Output the listing below exactly, minus its images.

## DATA TO EXAMINE
══════════
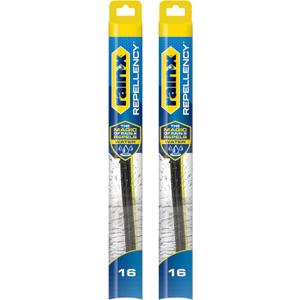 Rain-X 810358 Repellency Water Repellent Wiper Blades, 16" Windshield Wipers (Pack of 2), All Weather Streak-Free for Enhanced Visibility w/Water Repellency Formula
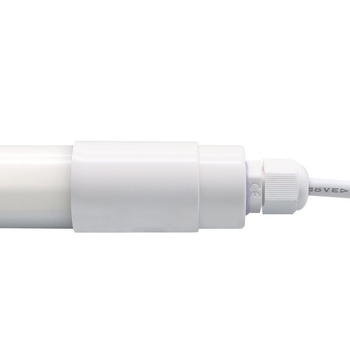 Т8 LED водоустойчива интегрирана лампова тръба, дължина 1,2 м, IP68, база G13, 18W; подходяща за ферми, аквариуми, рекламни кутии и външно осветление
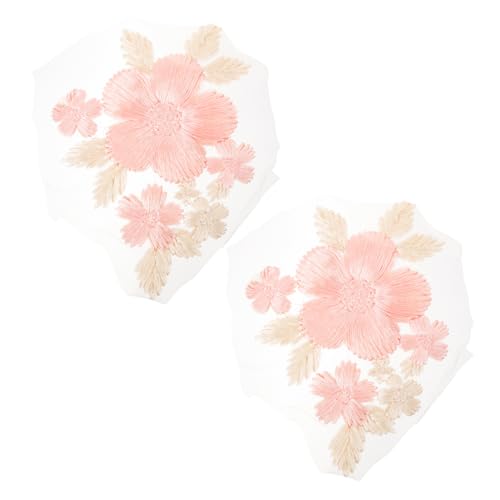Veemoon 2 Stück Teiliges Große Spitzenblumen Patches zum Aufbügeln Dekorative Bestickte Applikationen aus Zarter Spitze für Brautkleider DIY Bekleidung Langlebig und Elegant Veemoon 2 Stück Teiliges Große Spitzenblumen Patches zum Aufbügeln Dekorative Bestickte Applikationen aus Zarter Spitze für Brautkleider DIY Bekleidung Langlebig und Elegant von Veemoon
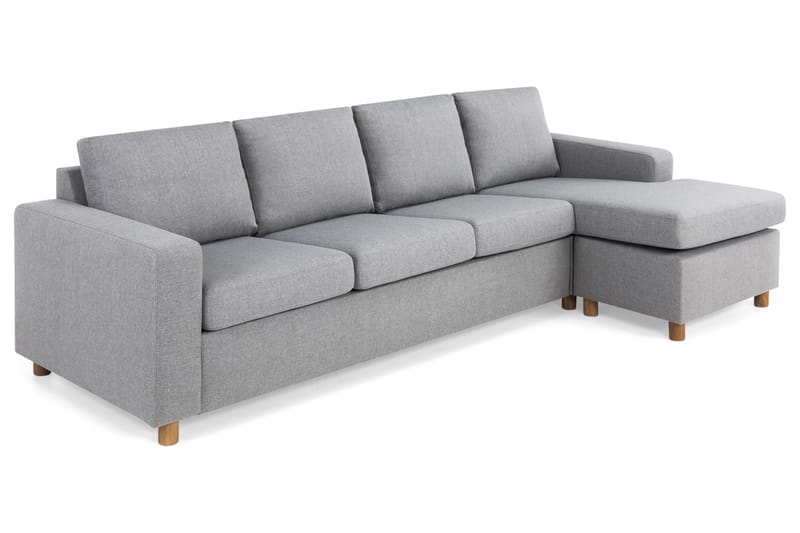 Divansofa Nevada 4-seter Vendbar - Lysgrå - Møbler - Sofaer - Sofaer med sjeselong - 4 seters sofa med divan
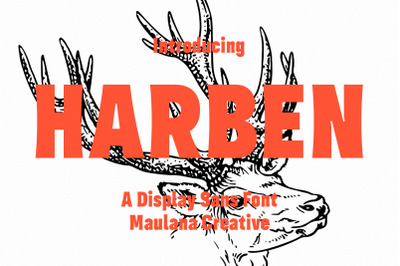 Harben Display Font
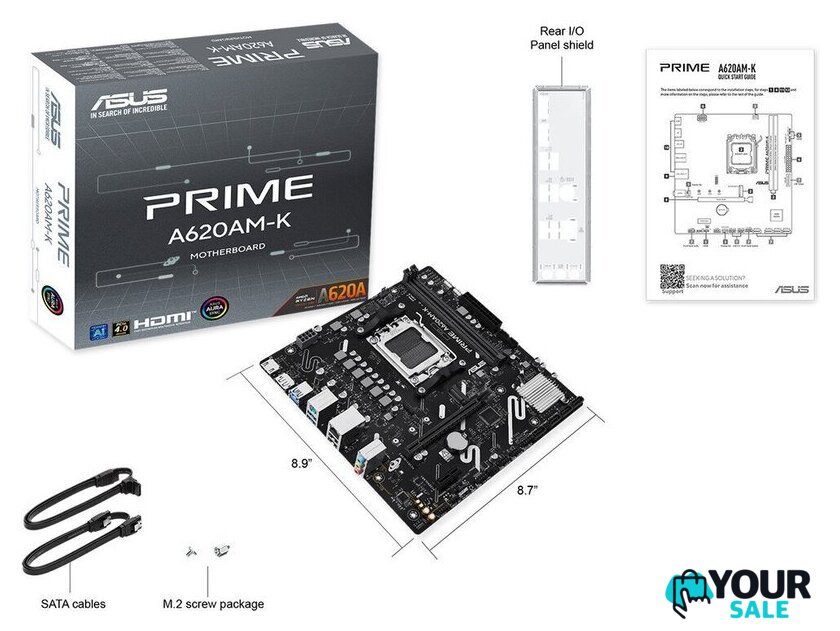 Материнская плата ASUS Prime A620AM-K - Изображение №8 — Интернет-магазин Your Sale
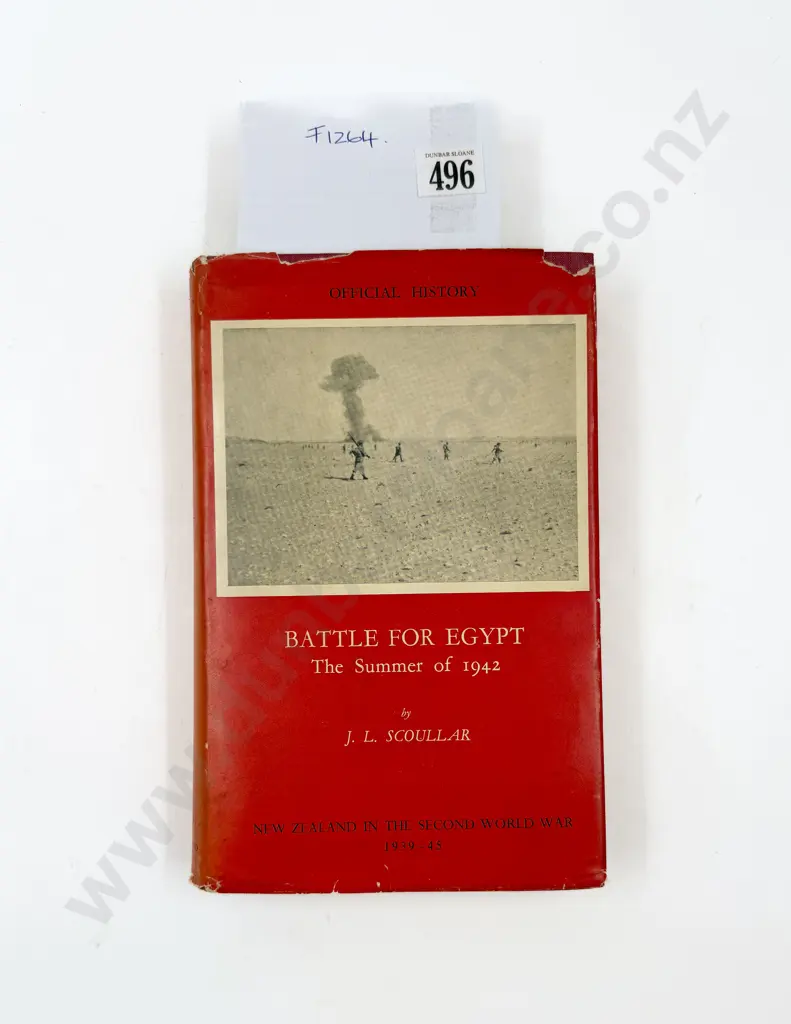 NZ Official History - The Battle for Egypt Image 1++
══════════
## SOLUTION FOR THIS PROBLEM
 Rain-X 810358 Repellency Water Repellent Wiper Blades, 16" Windshield Wipers (Pack of 2), All Weather Streak-Free for Enhanced Visibility w/Water Repellency Formula
 Т8 LED водоустойчива интегрирана лампова тръба, дължина 1,2 м, IP68, база G13, 18W; подходяща за ферми, аквариуми, рекламни кутии и външно осветление
Veemoon 2 Stück Teiliges Große Spitzenblumen Patches zum Aufbügeln Dekorative Bestickte Applikationen aus Zarter Spitze für Brautkleider DIY Bekleidung Langlebig und Elegant Veemoon 2 Stück Teiliges Große Spitzenblumen Patches zum Aufbügeln Dekorative Bestickte Applikationen aus Zarter Spitze für Brautkleider DIY Bekleidung Langlebig und Elegant von Veemoon
 Divansofa Nevada 4-seter Vendbar - Lysgrå - Møbler - Sofaer - Sofaer med sjeselong - 4 seters sofa med divan
 Harben Display Font
 Материнская плата ASUS Prime A620AM-K - Изображение №8 — Интернет-магазин Your Sale
 NZ Official History - The Battle for Egypt Image 1++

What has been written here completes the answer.